Designed to help Victorian businesses, not-for-profits, industry and research facilities develop commercial projects to repair, repurpose and reuse waste that might otherwise end up in landfill, the program coincides with further bans on waste exports that will come into effect from June this year.
“The Recycling Victoria Markets Acceleration Fund will increase both demand for and uptake of recycled products in Victoria, facilitate partnerships between research institutes and industry, help a diverse range of Victorian businesses grow and support local jobs” the premier’s office said in a statement on Thursday.

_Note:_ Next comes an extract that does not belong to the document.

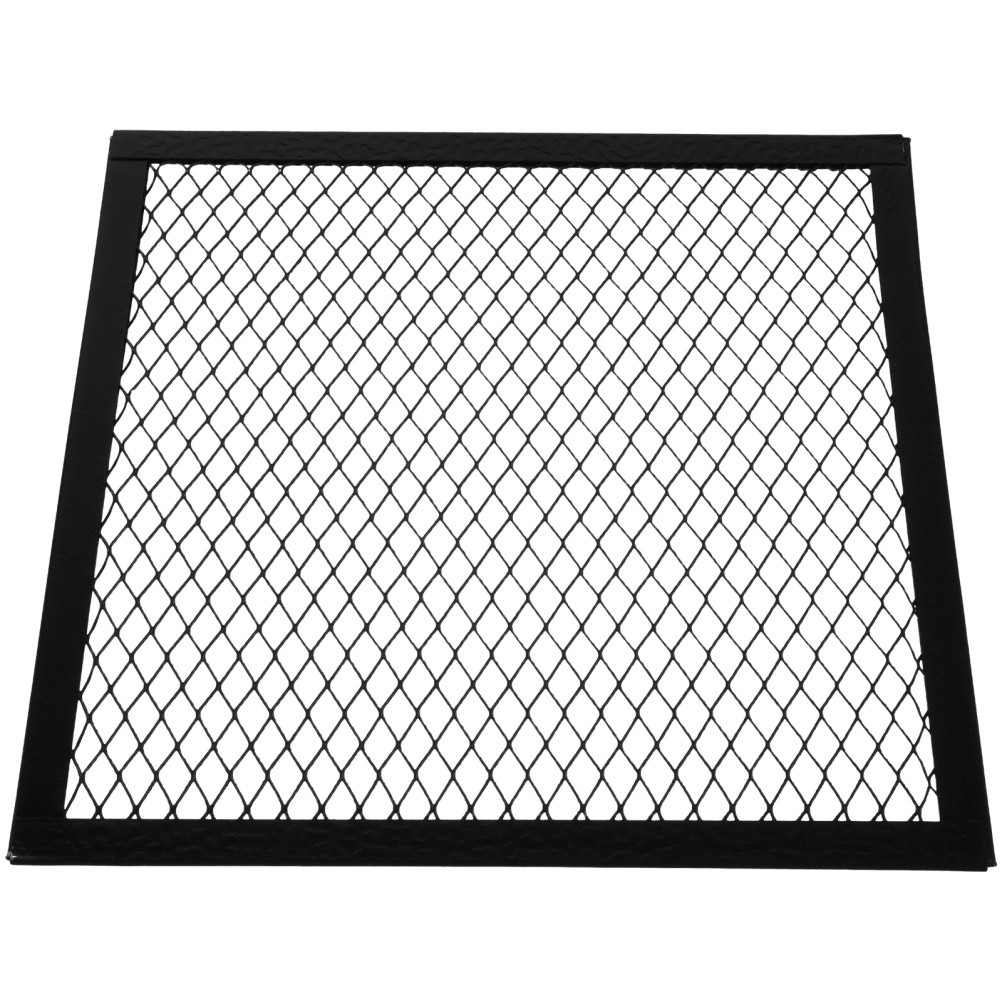 Heater Protection Net Fire Pit Screen Fireplace Mesh Covers Square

Focusing on used paper and cardboard, plastics, tyres and glass (which are all subject to current and impending waste export bans) the fund will also be open to businesses developing commercial projects tackling the increasing scourge of e-waste and fast fashion.

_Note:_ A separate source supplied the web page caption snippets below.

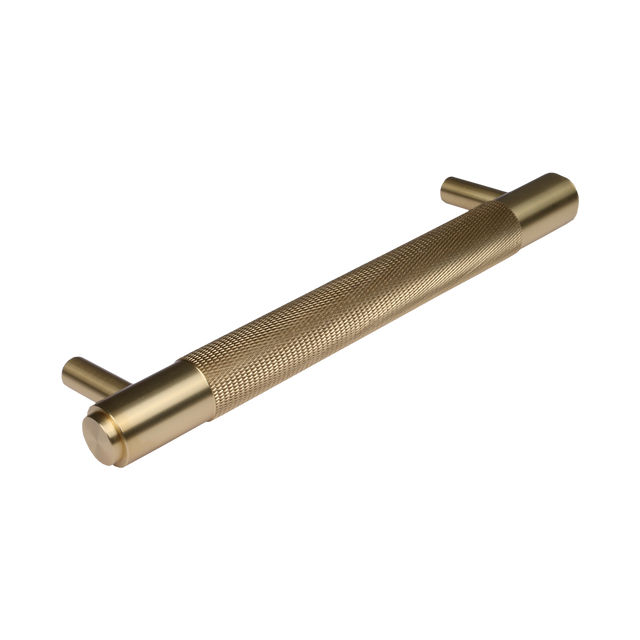 Cabinet Handle Knurled (25Cm X 20mm) - Brass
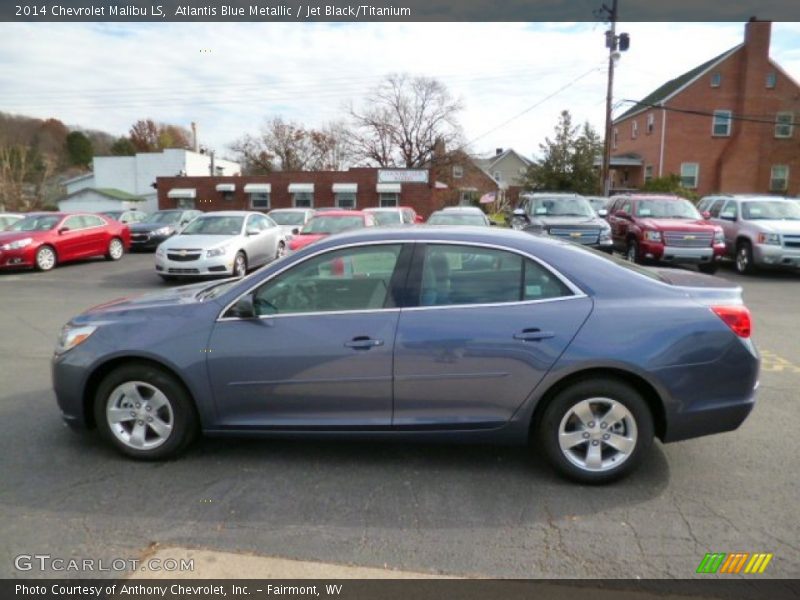 Atlantis Blue Metallic / Jet Black/Titanium 2014 Chevrolet Malibu LS
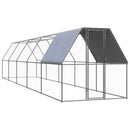 Outdoor Chicken Cage 2x10x2 m Galvanised Steel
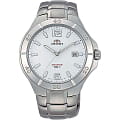 Orient Orient UN81001W (FUN81001W)  FUN81001W  мужские часы белый циферблат, браслет  — вид спереди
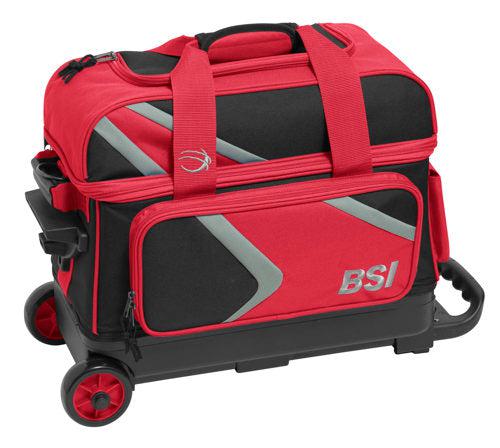 BSI Dash Double Roller Red Black-Bowling Bag-DiscountBowlingSupply.com
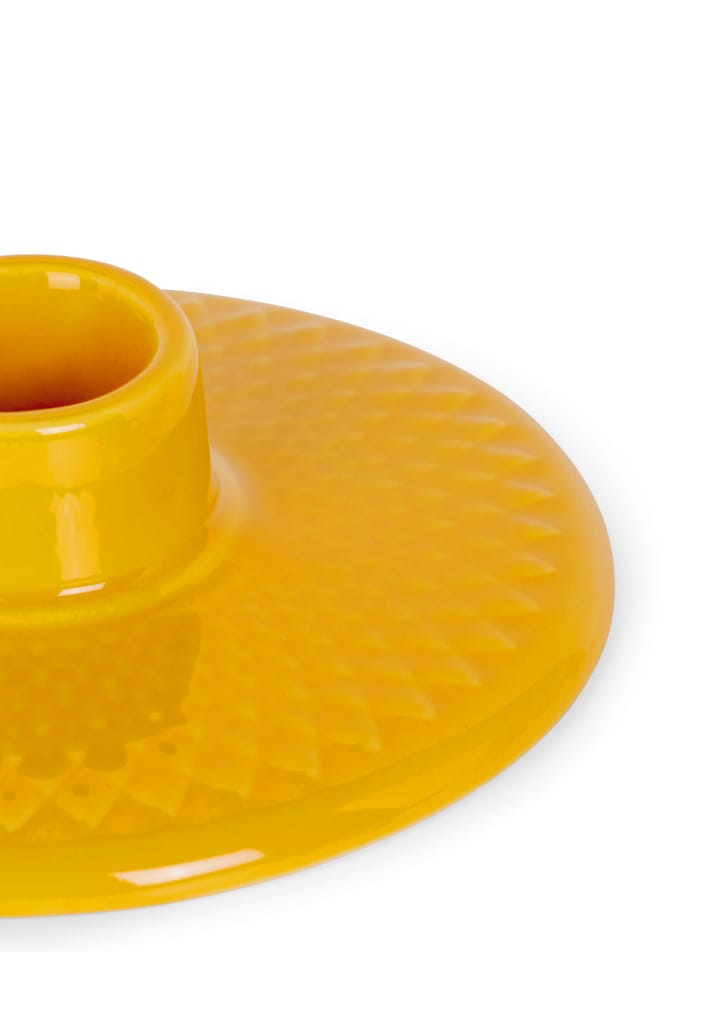 Rhombe candle holder 3 cm - Yellow - Lyngby Porcelæn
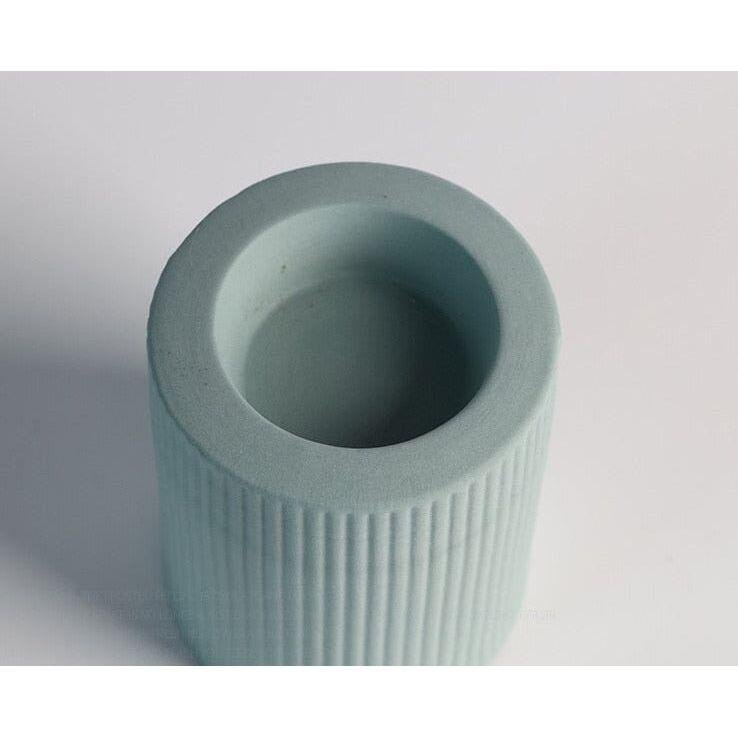 Bougeoir Rayé | Flamme d'Art - Designix Bougeoirs Blanc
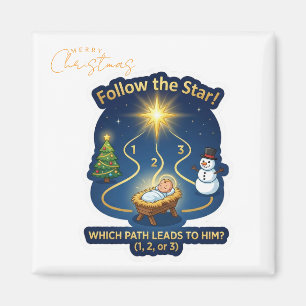 Follow the Star Maze Game Nativity Christmas Magne Magnet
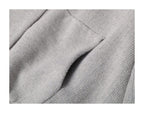 KARMANISTIC Embroidered Zip Up Knit Hoodie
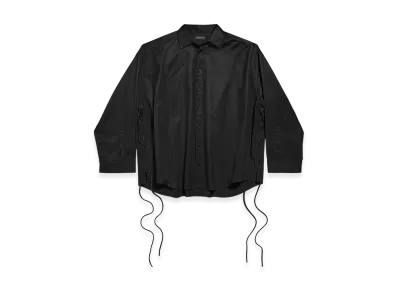 BALENCIAGA Lace-up Shirt "Black"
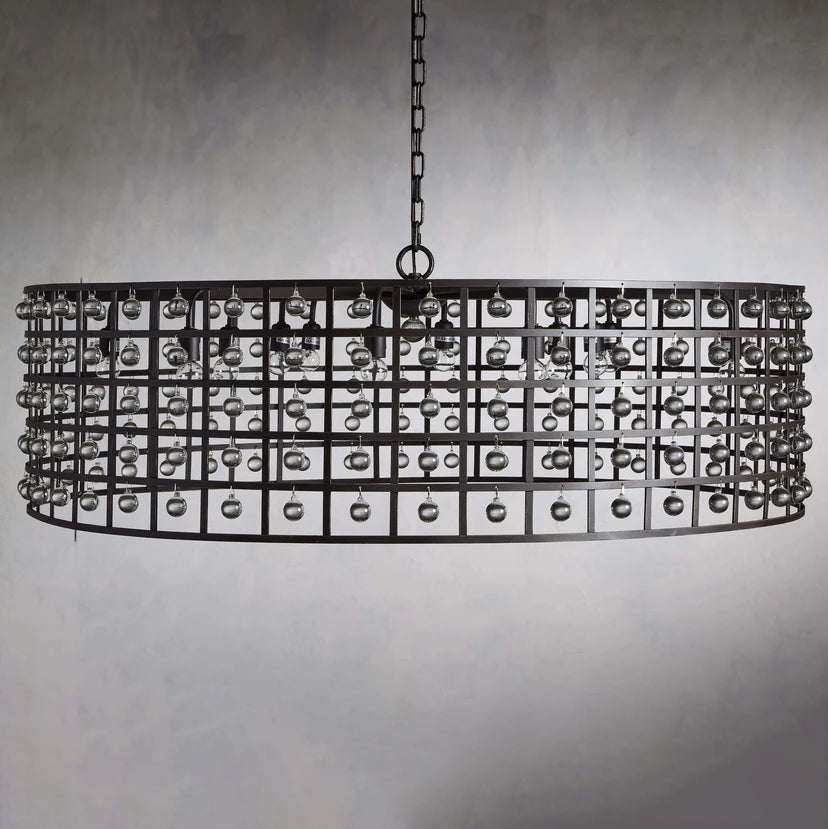 La Catigo Round Chandelier - Oasislives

The fund has two grant streams available: one for research, development and demonstration, with grants between $30,000 and $400,000; and commercialisation support between $30,000 and $300,000. Both opportunities are open until June 2 and recipients will have to match $1 for every $1 funded. A number of other grants, including some of up to $1 million will also open in the coming months.
As the environmental impacts of consumerism and waste become ever more pressing, Australian businesses have not snoozed on the potential silver linings of such a dark cloud. From stunning soy sauce-inspired fish lights, yoga mats and picnic blankets, to wearable items like jewellery, T-shirts and sunglasses. Even entire hospitality businesses. Across the country there is no shortage of bright ideas and beautiful products that feel fresh and fabulous while giving the detritus of modern life another chance rather than adding to the problem. This fund seeks to incubate even more.
Minister for Energy, Environment and Climate Change Lily D’Ambrosio says the grants will help Victoria reach its goal of diverting 80 per cent of waste away from landfills by 2030.